In 1951, following his assignment to the Navy Telecommunications School, he traveled to the United States to serve as Deputy Naval Attaché at the Embassy of Chile in Washington, D.C., where he completed the C.I.C. course.

Upon his return, between 1953 and 1954, he served as a C.I.C. officer aboard the cruiser O'Higgins. He later returned to the Naval Academy as an instructor and, in 1956, held the same position at the Navy School of Electronics and Telecommunications.

In 1957, he was appointed Head of the Operations Department of the cruiser Prat. Between 1958 and 1959, he pursued advanced studies at the Naval War Academy.

From 1963 to 1965, he served as Head of Studies at the Naval Academy, and in 1966 became a professor at the Naval War Academy. In subsequent years, he held several senior command positions, including Chief of Staff of the Third Naval Zone (1971–1973) and Secretary General of the Commander-in-Chief of the Navy (1974–1975).

Between 1976 and 1977, he served as Naval Attaché to the Chilean Embassies in the United States and Canada, and as Head of the Chilean Naval Mission in Washington and before the Inter-American Defense Board.

In 1978, he was appointed Chief of Staff of the Commander-in-Chief of the Navy and later Commander-in-Chief of the National Fleet.

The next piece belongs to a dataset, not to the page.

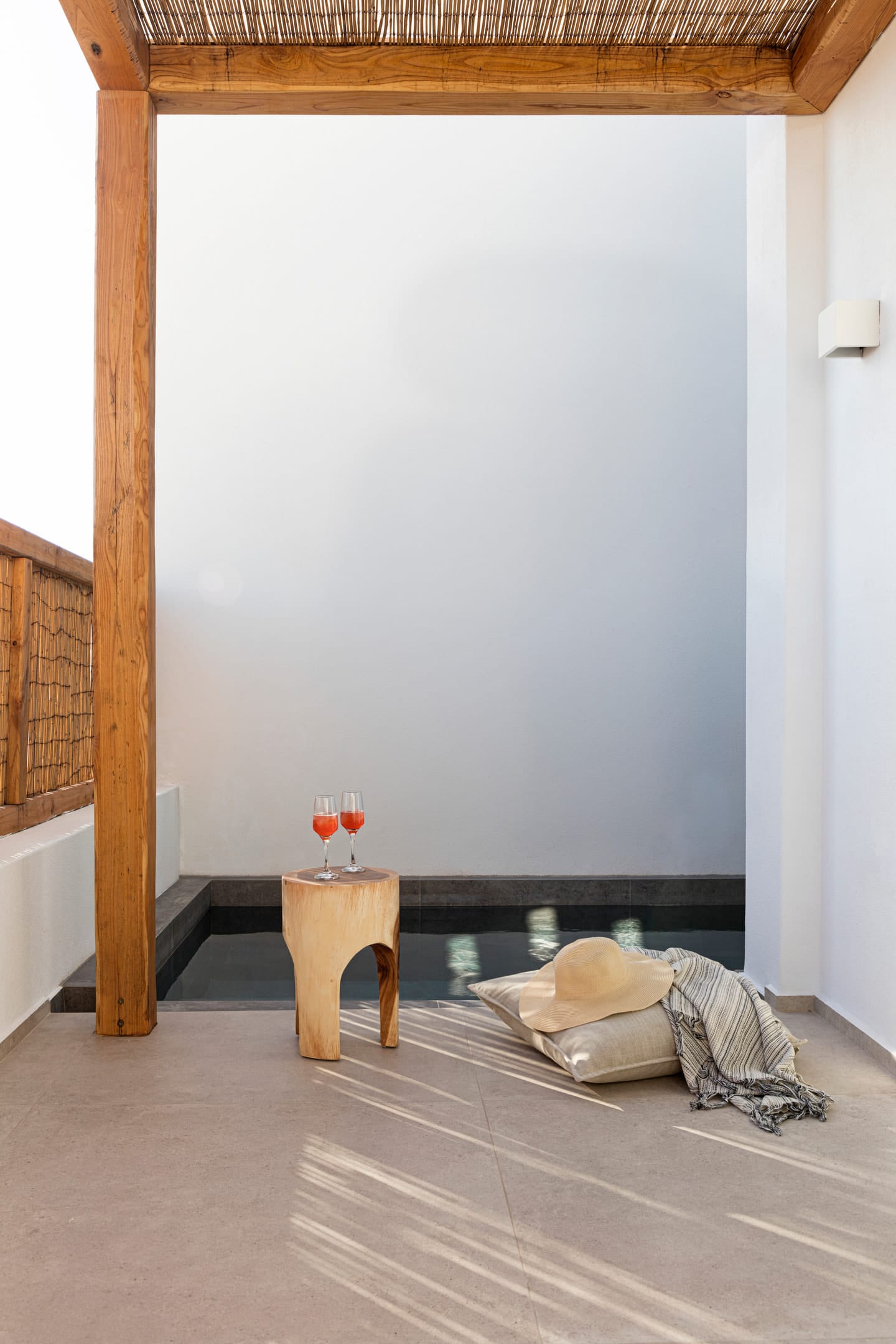 Phos, Milos - Junior Suite with Private Pool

In 1980, he was appointed Chief of the National Defense General Staff, a position he held until his retirement in 1982.

After retiring from active naval service, he continued his academic work as a professor of Planning and, from 1984, of Political-Strategic Leadership at the Naval War Academy. He also served as a professor at the National Academy of Political and Strategic Studies (ANEPE) between 1984 and 1989.

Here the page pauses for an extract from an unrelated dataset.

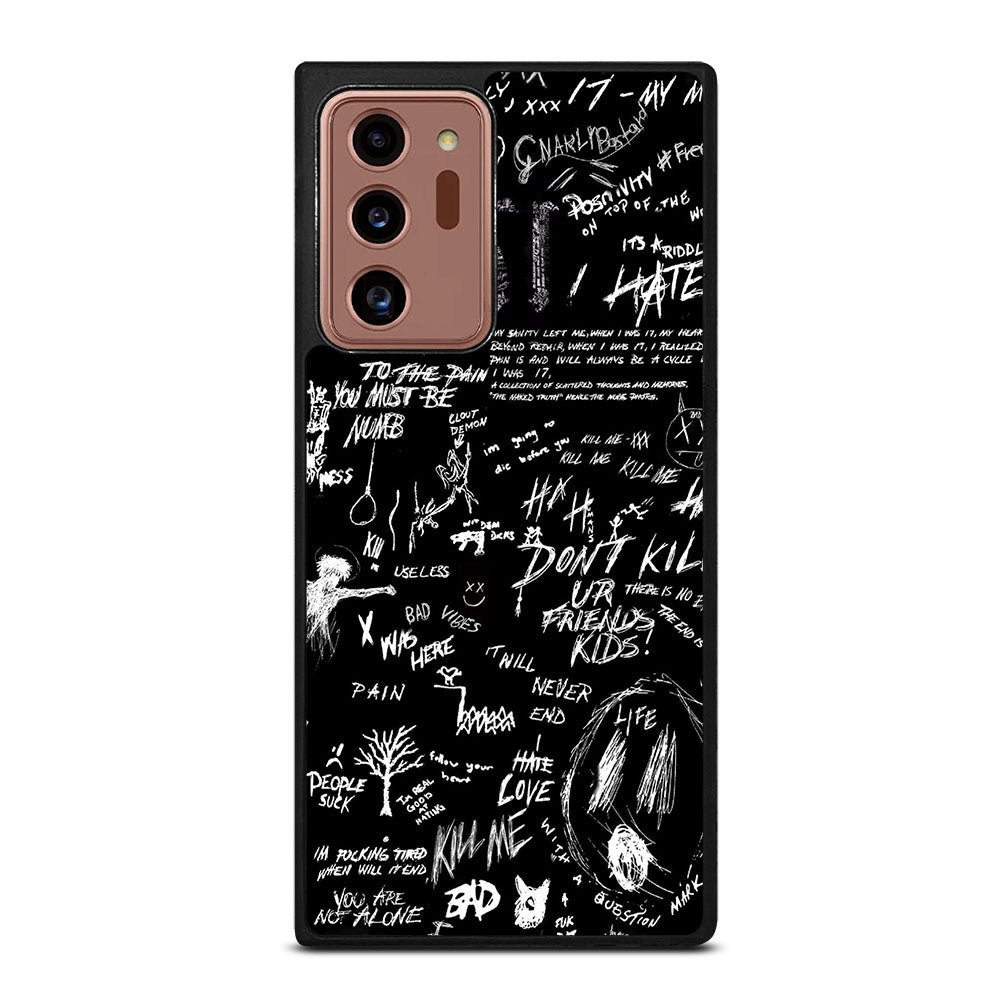 XXXTENTACION QUOTE Samsung Galaxy Note 20 Ultra Case Cover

In 1987, he was appointed advisor to the Ministry of Foreign Affairs of Chile in the negotiating commission with Peru regarding the 1929 Treaty.

=== Appointed Senator ===
On 19 December 1989, he was appointed Institutional Senator by the National Security Council, representing the Chilean Navy, for the legislative period 1990–1998.

He died in Viña del Mar on 9 August 2015.